С Лотто сложнее. Он из тех художников, в чью гениальность очень хочется верить. Пара-тройка шедевров дарят надежду на то, что и в других картинах мы увидим что-то невероятное. Таков, например, флорентиец Пьеро ди Козимо или венецианец Чима да Конельяно, с которым Лотто часто сравнивают. Действительно, перед волшебным "Благовещением" из венецианской Галереи Академии невозможно оставаться скептиком. Необычная иконография радикально меняет эмоциональный фон сюжета. Мадонна не принимает лилию из рук божьего вестника, но отворачивается в благоговейном испуге, как будто явление сопровождается резким звуком и вспышкой света. Драматичные позы обычны для барокко, но в пронизанных светом декорациях венецианской живописи они смотрятся ярче, чем в барочной полутьме. "Целомудрие, прогоняющее Роскошь" из римского палаццо Паллавичини представляет собой редкую для Лотто аллегорию, выполненную с блеском и легкостью, которым мало равных в живописи его современников. Есть еще несколько выдающихся портретов, да и все. Неподготовленного зрителя не остановит в блуждании по музеям Лотто обычный, повседневный.

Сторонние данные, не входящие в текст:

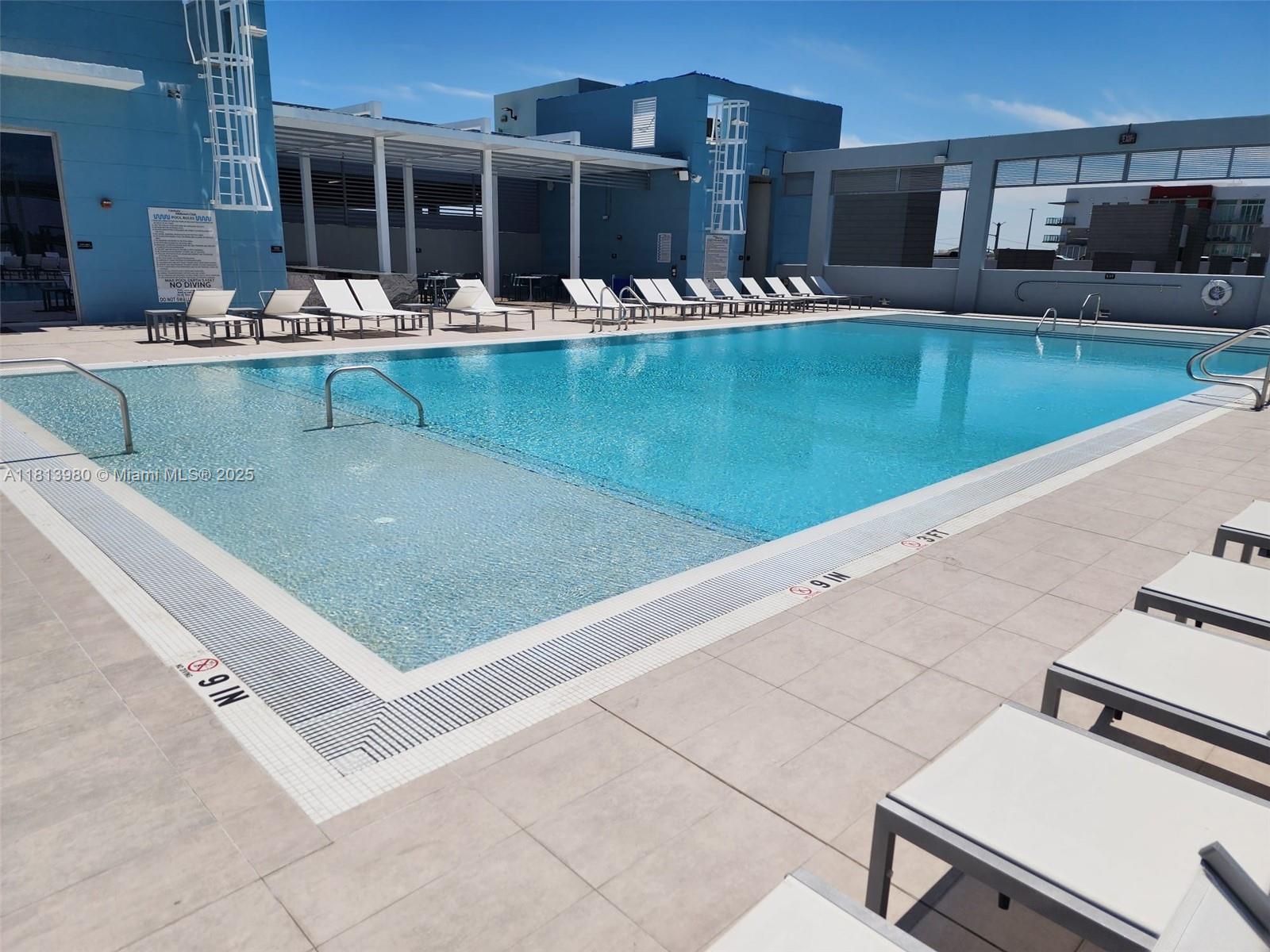 MIDTOWN DORAL CONDO 4 - Residential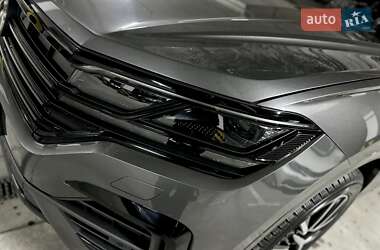 Внедорожник / Кроссовер Volkswagen Touareg 2021 в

Возможные ответы обманчиво просты. Лотто, судя по крупицам дошедшей до нас биографии, больше любил художников Севера, чем своих коллег: в его работах находят рифмы с Дюрером, Гольбейном Младшим и Матиасом Грюнвальдом. В эпоху шедевров по заказу пап он интересовался Реформацией и носил с собой портрет Мартина Лютера. Поэтому, выполняя требования заказчиков, Лотто вставлял посторонние общепринятой иконографии детали. Никаких текстов от Лотто, однако, не осталось, и степень его погружения в жизнь Центральной Европы остается загадкой. Другая версия, подогревающая уверенность фанатов в его исключительности, заключается в том, что Лотто был слишком хорош для Венеции. Тициан будто бы завидовал его таланту и постарался изгнать конкурента в провинцию, к бирюкам из провинции Марке. Это, конечно, тоже недоказуемо. Таковы тайны Лотто. Они то ли сугубо индивидуальны (и поэтому вызывают отклик), то ли лежат на поверхности. Возьмем "Мистическое обручение святой Екатерины" из Бергамо — лучшую вещь на выставке в Пушкинском. Трогательную и вместе с тем роскошную сцену превращения принцессы в христову невесту несколько портит громадный серый прямоугольник над головами действующих лиц. Здесь был пейзаж с видом на гору Синай, вырезанный французским солдатом в 1527 году. Вроде бы обычное бескультурье. Но кажется, будто Мадонна и святая пригнулись, чтобы нож вандала их не поранил. Вроде знаешь, как дело было, а все равно удивительно.